Keza damadın da kim olduğunu bilmiyorum.
Anaları kimdir, babaları kimdir ondan da haberim
yok.
Ne iş yaptıklarını da sormadım.
Galiba kızın babası inşaatçı bir aileymiş.
Tanısam da önemi yok.
İsimler, soyadlar bir değer taşımıyor.
Burada size bir düğünün görüntülerini vermek
istiyorum.
Genel Yayın Yönetmenim Yavuz Barlas’a sordum, “Köşeme video
koyabilir miyiz?” diye.
“Tabii abi, artık dijital yayıncılık yapıyoruz”
dedi.
Bir tık ötede izleyebileceğiniz görüntüler bir
düğünden.
Türk sosyetesinden bir kızımız, yine aynı cemiyete mensup
olduğunu düşündüğüm bir delikanlı ile evleniyor.
Allah mesut etsin.
Bu düğünden haberim sosyal medya üzerinden
oldu.
Versailles Sarayı’nda yapılmış.
Görüntüleri ilk gördüğümde “Herhalde Fransa Kralı evleniyor”
diye düşündüm.
Sonra Murat Bardakçı’yı aradım.
Toprağı bol olsun, Fransa’nın son Kralı Henri pek yakın
dostuydu.
Onun bile böyle bir düğünü olmamış.
Murat “Yok yahu ne Versailles’ı, Henri’yi bilmiyorum ama
şimdi Comte de Paris, Liechtenstein Prensesi ile belediyede
evlenmişti” dedi.
Burada ise sadelikten eser değil katre yok.

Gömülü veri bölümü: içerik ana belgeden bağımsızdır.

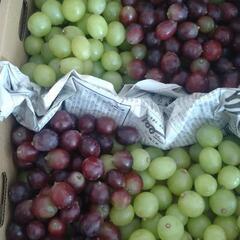 お値下げ中　6500円相当分 皮ごと食べられるブドウ🍇ぶどう 種...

Saray’a gelen yolun iki tarafına 18. Yüzyıl Fransız merasim
kıtası kılığında askerler yerleştirilmiş, ellerinde silahları
ile.
Konuklar onların arasından geçiyor.
Konukları daha sonra boyunlarına asılı trampetleri çalan bir
başka merasim bandosu karşılıyor.
Saray’ın çatısına da askerler
yerleştirilmiş.
Girişte konuklara rose şampanya ikram
ediliyor.
Zannedersin Orleans Dükü ile Habsburg Prensesi
evleniyor.
Görüntü öyle.
Sonra Saray’ın içine giriliyor.
Aman Allah.
Böyle bir süsleme, böyle bir debdebe Saray saray olalı
görmemiştir.
Saray’ın taşları “Ulan bu Fransızlar bir halt bilmiyormuş.
Keşke bu Saray bir Türk sarayı olsaymış” demiştir öyle bir
şölen.
Çiçekler, çiçekler, danteller, kumaşlar,
lazerler...
Türlü türlü gösteri. Tabii Türkiye’den gelen şarkıcılar
falan.
Ve en sonunda düğün pastası geliyor sahneye.
Eyfel Kulesi’nden hallice.
Muhtemelen kule kadar yapacaklarmış ama salona girmez diye
mütevazı davranmışlar.
Sosyal medya sayesinde öğrendiğim kadarıyla gelinin muhteşem
gelinliği de Londra’da diktirilmiş ve 200 bin pounda mal olmuş.
Yani yaklaşık 1 milyon 700 bin TL’ye.
Dahası konuklar Paris’in en şık otellerinden George V’te
ağırlanmış ve düğünden önceki gece de muhteşem partiler
verilmiş.
Bakın kimsenin ne düğünüyle ilgilenirim, ne başka bir
şeyiyle...
Elbette ki, her ana baba evladı için en iyisi neyse onu
yapmak ister.
Allah hiçbir ana babaya evladının kötü gününü göstermesin,
herkesin evladı mutlu olsun, keyifli olsun.
Ama bir de izan diye bir şey vardır.
Memleket bu haldeyken, millet yarın ne olacak diye kara kara
düşünürken böyle bir düğün yapmak hangi akla
hizmettir.
Bu görüntüleri gören bazıları muhtemelen “Bu ne görgüsüzlük”
diyecektir.
Ben öyle demem.
Ben sadece “Bu ne saygısızlık” derim.